:: RECORDED DATA ::

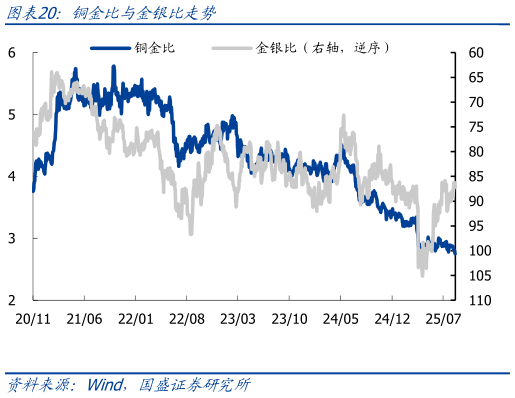 谁能回答铜金比与金银比走势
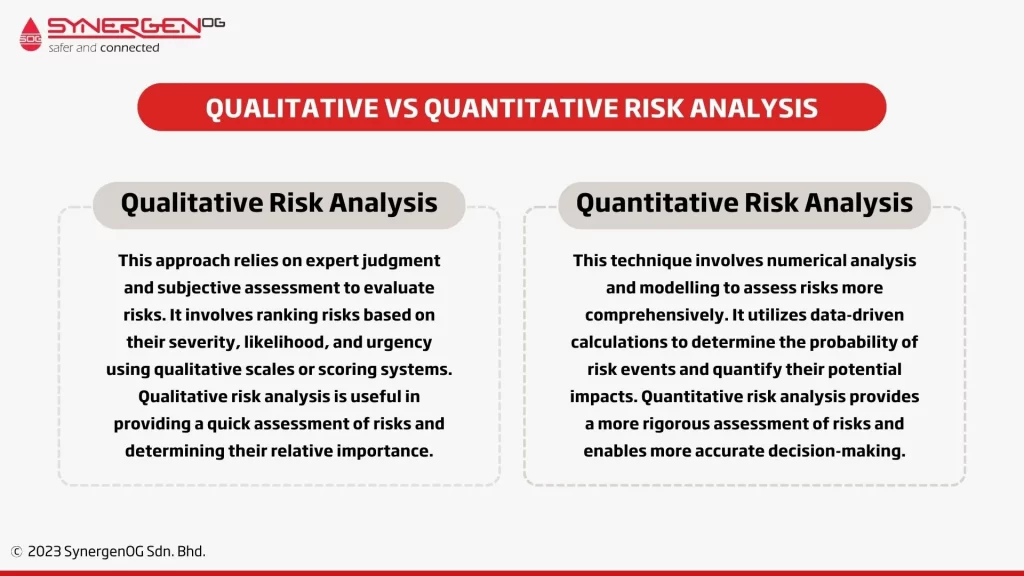 Exploring The 5 Principles Of Risk Assessment In Detail 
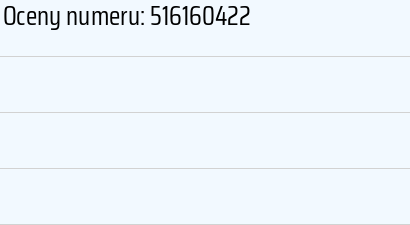 Numer telefonu 516160422 516160422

:::

Pictures stay out. Write out everything else in the material exactly.

**ANSWER SECTION:**
 谁能回答铜金比与金银比走势
 Exploring The 5 Principles Of Risk Assessment In Detail 
 Numer telefonu 516160422 516160422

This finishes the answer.